Can I use AI to visualize my own personal experiences from decades ago? For this series, I have asked an AI tool to generate a scene showing people in a bus in Moscow in the 1970s. This were some of my prompts:
"tired people inside a bus in Moscow, photo slightly from above, February 9am ambient soft light coming from bus window, ultra-detailed photo, proportional bodies, f70 lens --stylize 900"
"people of different ages inside a bus in Moscow, photo slightly from above, February 9am ambient soft light coming from bus window, ultra-detailed photo, proportional bodies, f70 lens --stylize 900"
After selecting the best outputs, I have slightly adjusted brightness, sharpness and color balance of images in Lightroom, and made some areas darker or lighter - but did not change any of the content AI generated.
Our own personal memories are very selective (we remember some things and not others), and they often lack visual precision and details. Can I visualize precisely today the room where I grew up in my parents Moscow apartment in the 1960s? Or New York City in 1981 after I arrived there as an immigrant? The latter is much easier - because more media materials about New York (photographs, various documents, digitized newspapers, film documentaries, etc.) are easily available online. And I can also consult English Wikipedia which contains endless details about this period in New York across its millions of articles.
But Moscow in 1977? There is significantly less visual documentation available on the web. Not as many people owned cameras - and amateur photographs preferred to capture important moments such as birthdays and weddings rather than the everyday and the ordinary.

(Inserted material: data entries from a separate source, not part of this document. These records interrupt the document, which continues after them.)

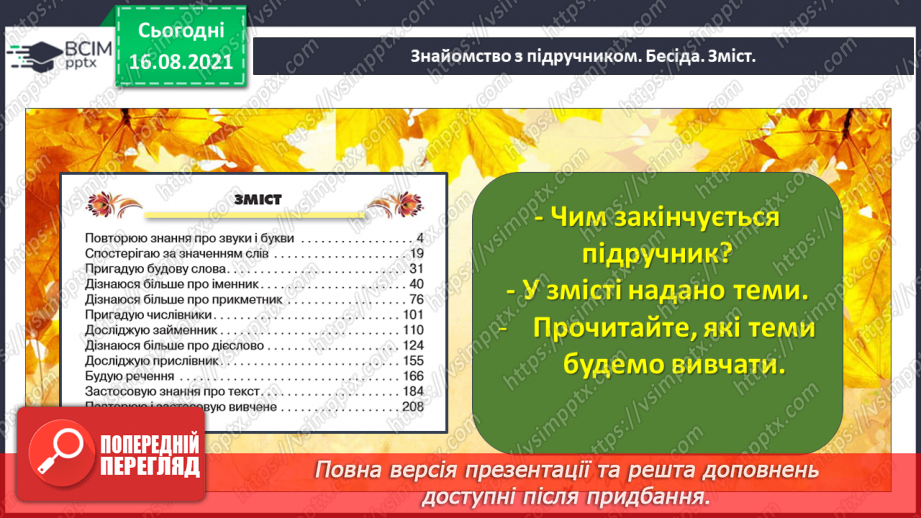 №001-2 - Ознайомлення з метою і завданнями уроків української мови в 4 класі, підручником з української мови й умовними позначеннями в ньому. Пригадування державних символів України11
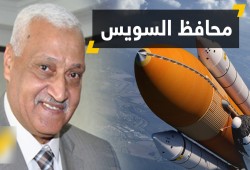 فيديو | محافظ السويس: "لازم ننضف (الفار) من البراغيت قبل ما نقتله"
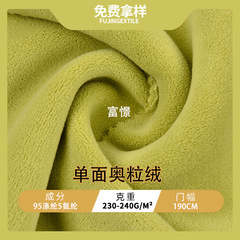 230g单面奥粒绒面料 秋冬加绒保暖复合布料外套玩具童装卫衣面料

Society’s collective memories are shaped by media machines. Since the beginnings of modern visual media in the 1830s (e.g, photography), our media records have been rapidly growing. After photography, we get films and sound recordings (1890s-), TV programs stored on video tapes (1950s-) and later other capture technologies that rely on computers such as 3D capture of bodies and faces and photogrammetry.
Internet became a new massive depository of human experiences after 1993 when the first graphic web was introduced, and is later joined by social media networks such as Facebook and Instagram.
Because of the proliferation of mobile phones with high-resolution cameras, the amount of images that document the last few years is astronomical in comparison to what we have from earlier history.
In the last 15 years, new computational memory technologies have become gradually more important. Scientists, humanists and journalists start using data science to uncover hidden patterns, relationships, and similarities in massive text and visual archives. Development of AI gives rise to yet another set of new memory techniques.
On YouTube there are many short documentary videos of cities from the first decades of cinema that have been enhanced by AI - increasing resolution, sharpening details, and adding color. Suddenly we can see more details in the Lumières’ “Arrival of a Train” than the first viewers of these first short films saw in 1896.
In 2022, new media memory machines became available to everybody. These are Generative AI tools such as Midjourney, Stable Diffusion, Dall-e 2 and 3, and so on. etc. So now I can compose a short text prompt which will make such software to visualize Moscow in 1968, New York in 1981 or any other space and time, and receive detailed images within minutes.
But how reliable are these synthetic memories? Their precision depends on how much visual documentation exists online about any particular topic or time period. But even in the cases of well-documented subjects, this software has strong biases. For example, when I ask for “Moscow,” the output images generated by Midjourney in 2022 inevitably include churches or other historical buildings. So while this new memory machine can offer unique opportunities for any individual to “see” into both her personal past and the collective historical past, the generated “memories” so far are unreliable - they tend to substitute generic and stereotypic for the particular and unique.